Did you try the galore 8bit variants?
I used the 8bit optimiser as seen above. Hermes 7b takes a shocking 36gb or so at seqlen 1200. And in theory - Yi is supposed to fit on a H100 with Galore - but it will OOM. How can the above yml be optimised further?
@m626zNq @winglian I think I found the problem. In the axolotl Readme, I note that there are a number of layerwise optimisers:
# - galore_adamw_layerwise
# - galore_adamw_8bit_layerwise
# - galore_adafactor_layerwise
According to a remark I saw in the original HF PR - these layerwise optimisers are essential to achieve much higher memory savings - but they come with limitations like perhaps not being able to work with multi-GPUs (see https://github.com/huggingface/transformers/pull/29588 and original galore github). In any case when I used galore_adamw_8bit_layerwise I can train Hermes-M 7B in 20gb with batch size of 2800 tokens. So @m626zNq can try and probably close this "bug".
But I do find the loss seems to fall much slower (if at all) for layerwise opt compared to the normal galore op. Guess things are quite unstable still.
@jaredquekjz the 24GB from the paper is for a 7B parameter model.

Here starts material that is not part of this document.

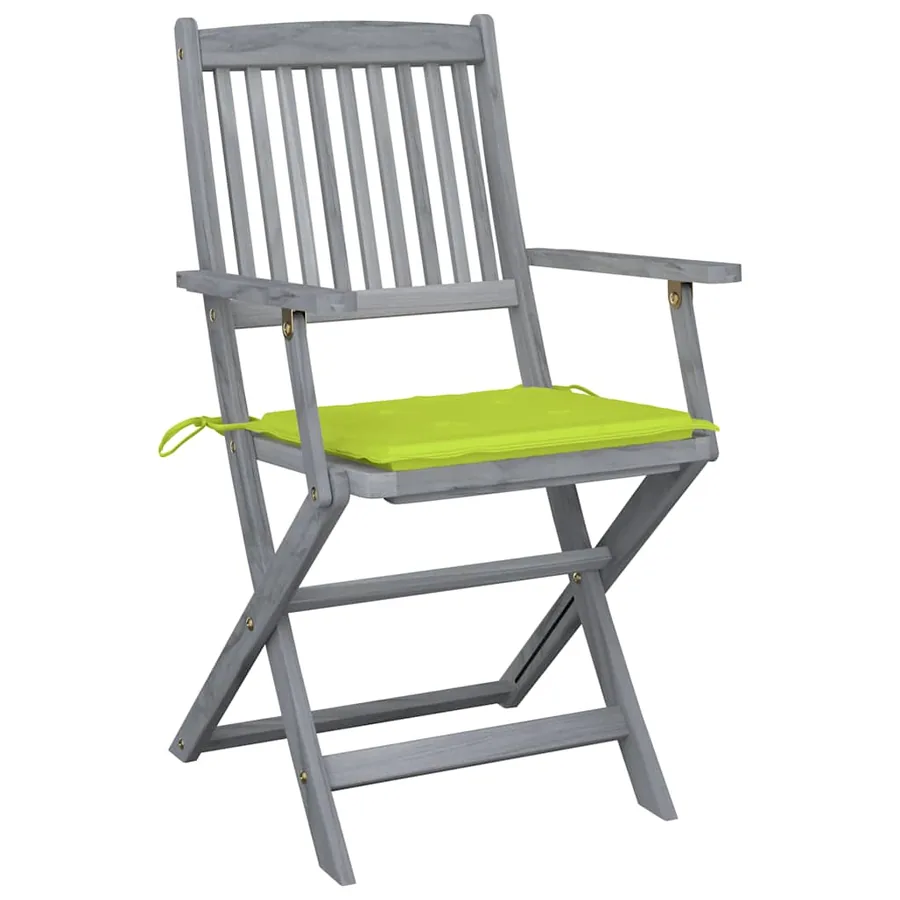 Chaises pliables d'extérieur lot de 6 et coussins Bois d'acacia - 8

You're using yi-34B. That's still going to require much more VRAM, probably at least an 80GB A100 to full finetune with Galore.
@m626zNq set flash_attention: true
, without flash attention it's going to OOM almost every time no matter what.
@winglian - thanks for input. I used both the Yi and the Hermes-Mistral 7B for trial. For both - we need the layer wise optimiser for the memory savings to be maximum (20gb for Hermes as reported). But as shared - the layerwise opt may not be fully working stably yet (no grad norm and no loss decrease) - at least when I last trialed. Yi can load in one H100 with layerwise but v slow..
{'loss': 3.0955, 'grad_norm': 0.0, 'learning_rate': 0.001, 'epoch': 0.0}
{'loss': 3.099, 'grad_norm': 0.0, 'learning_rate': 0.001, 'epoch': 0.0}
{'loss': 3.0705, 'grad_norm': 0.0, 'learning_rate': 0.001, 'epoch': 0.0}
{'loss': 3.0608, 'grad_norm': 0.0, 'learning_rate': 0.001, 'epoch': 0.0}
{'loss': 3.1196, 'grad_norm': 0.0, 'learning_rate': 0.001, 'epoch': 0.0}
{'loss': 3.0307, 'grad_norm': 0.0, 'learning_rate': 0.001, 'epoch': 0.0}
Yeah. Layerwise also requires that you use a gradient accumulation steps value of 1
@winglian I have tried all of those, still get OOM. I have tried every optimizer of galore, flash attention, deepspeed, etc.. *sorry for late response
@m626zNq @winglian I think I found the problem. In the axolotl Readme, I note that there are a number of layerwise optimisers:
# - galore_adamw_layerwise # - galore_adamw_8bit_layerwise # - galore_adafactor_layerwise
According to a remark I saw in the original HF PR - these layerwise optimisers are essential to achieve much higher memory savings - but they come with limitations like perhaps not being able to work with multi-GPUs (see huggingface/transformers#29588 and original galore github). In any case when I used galore_adamw_8bit_layerwise I can train Hermes-M 7B in 20gb with batch size of 2800 tokens. So @m626zNq can try and probably close this "bug".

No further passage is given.